> [WHAT NEEDS TO BE DONE]
Please restate the records that follow word for word, omitting any images.

> [INPUT]
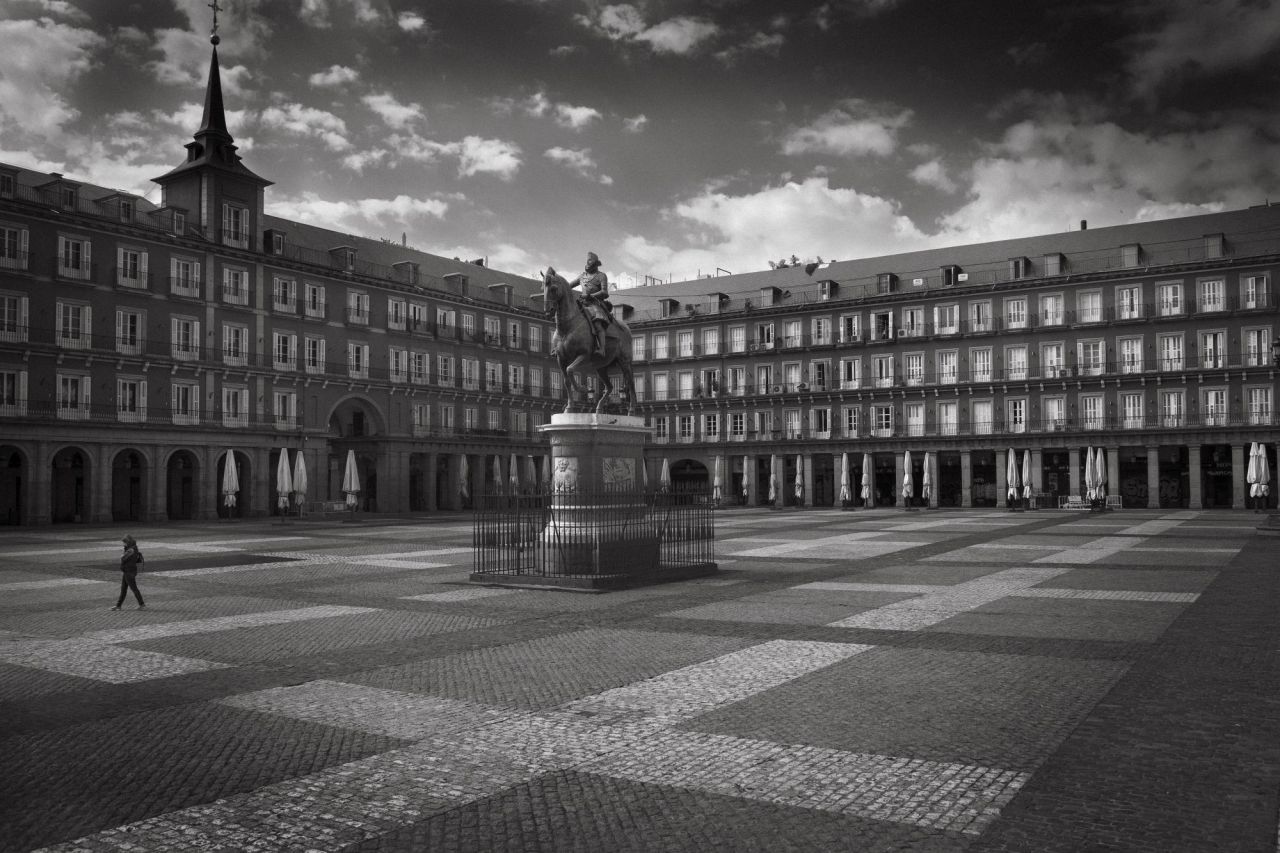 Una persona cruza la solitaria Plaza Mayor de Madrid el primer día del confinamiento. Las sombrillas recogidas son el único recuerdo de las bulliciosas terrazas.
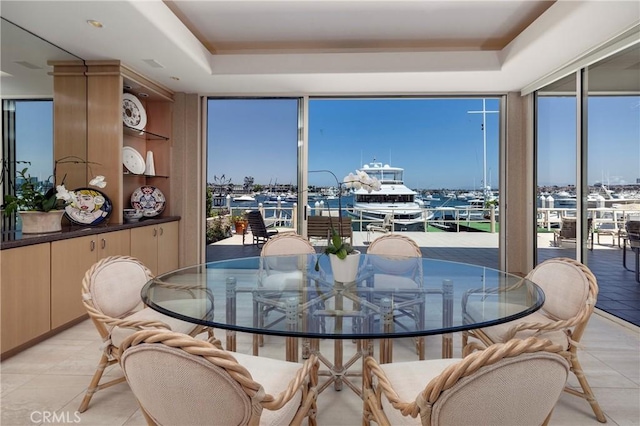 812 W Bay Ave, Newport Beach, CA 92661 - dining area featuring a tray ceiling, a wealth of natural light, and a wall of windows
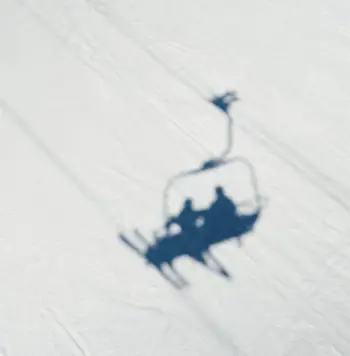 Shadow of a ski lift on the snow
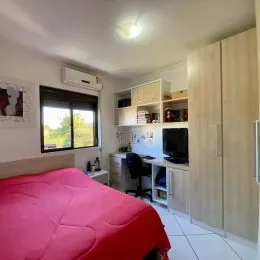 Quarto com cama e janela visível na lateral da parede.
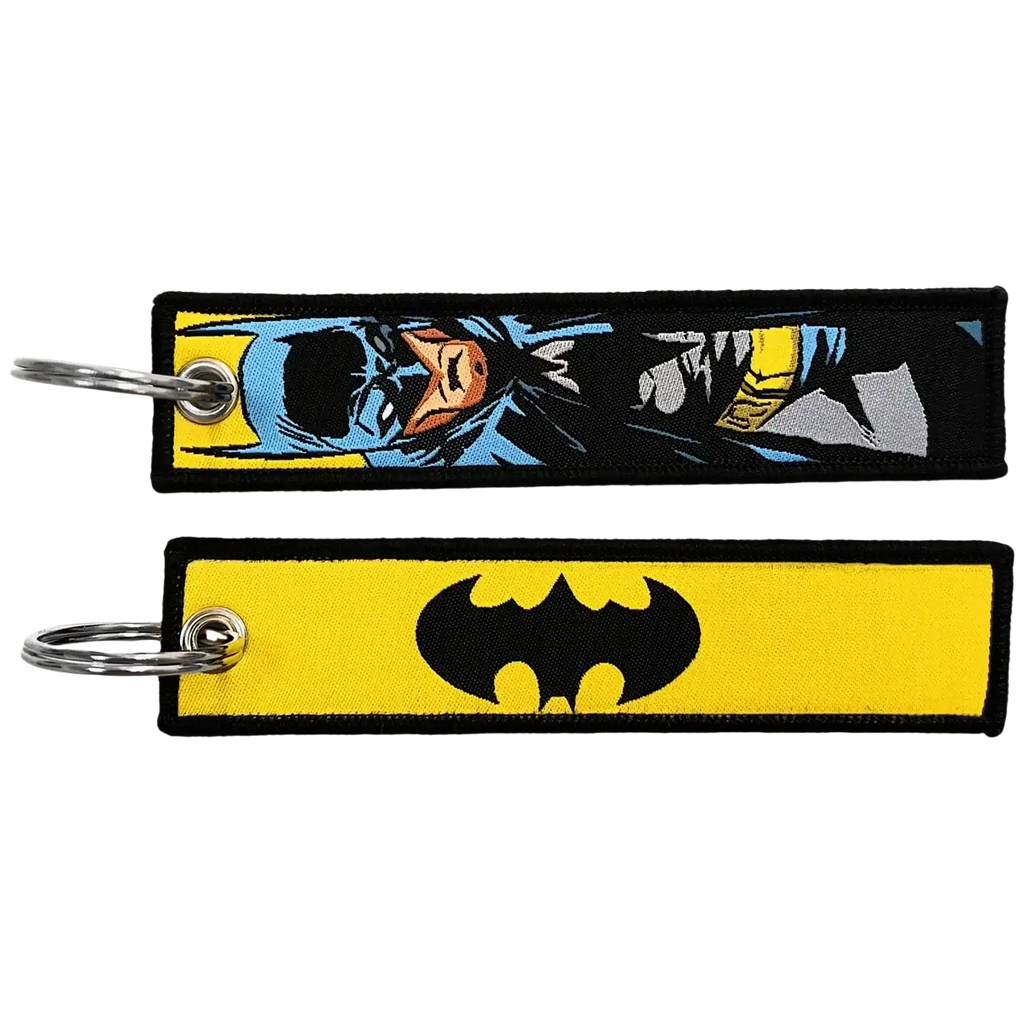 Two superhero embroidered keychains featuring a blue and yellow comic-style batman design and a black bat symbol on yellow fabric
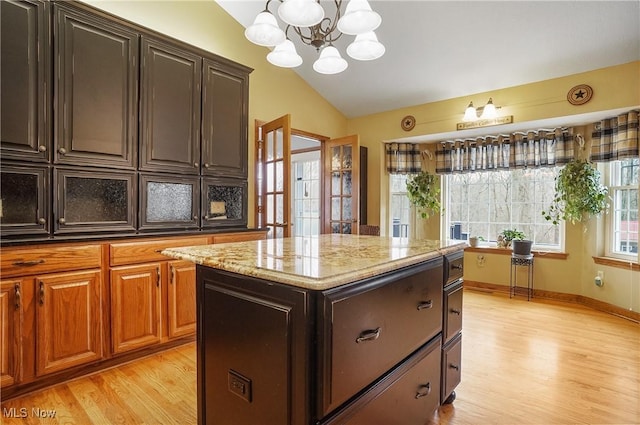 kitchen with dark brown cabinets, a notable chandelier, a center island, light hardwood / wood-style floors, and lofted ceiling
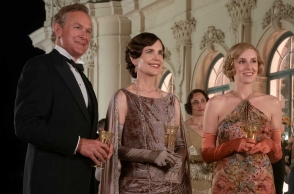 Downtown Abbey - Σκηνή από την ταινία όπου άνδρας και γυναίκες που κρατούν ποτά 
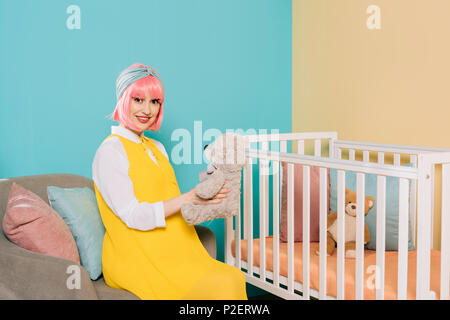 Felice in stile retrò incinta pin up donna con capelli rosa seduta con orsacchiotto vicino a culla Foto Stock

> [SOLUTION TO THIS TASK]
 Una persona cruza la solitaria Plaza Mayor de Madrid el primer día del confinamiento. Las sombrillas recogidas son el único recuerdo de las bulliciosas terrazas.
 812 W Bay Ave, Newport Beach, CA 92661 - dining area featuring a tray ceiling, a wealth of natural light, and a wall of windows
 Shadow of a ski lift on the snow
 Quarto com cama e janela visível na lateral da parede.
 Two superhero embroidered keychains featuring a blue and yellow comic-style batman design and a black bat symbol on yellow fabric
 kitchen with dark brown cabinets, a notable chandelier, a center island, light hardwood / wood-style floors, and lofted ceiling
 Downtown Abbey - Σκηνή από την ταινία όπου άνδρας και γυναίκες που κρατούν ποτά 
 Felice in stile retrò incinta pin up donna con capelli rosa seduta con orsacchiotto vicino a culla Foto Stock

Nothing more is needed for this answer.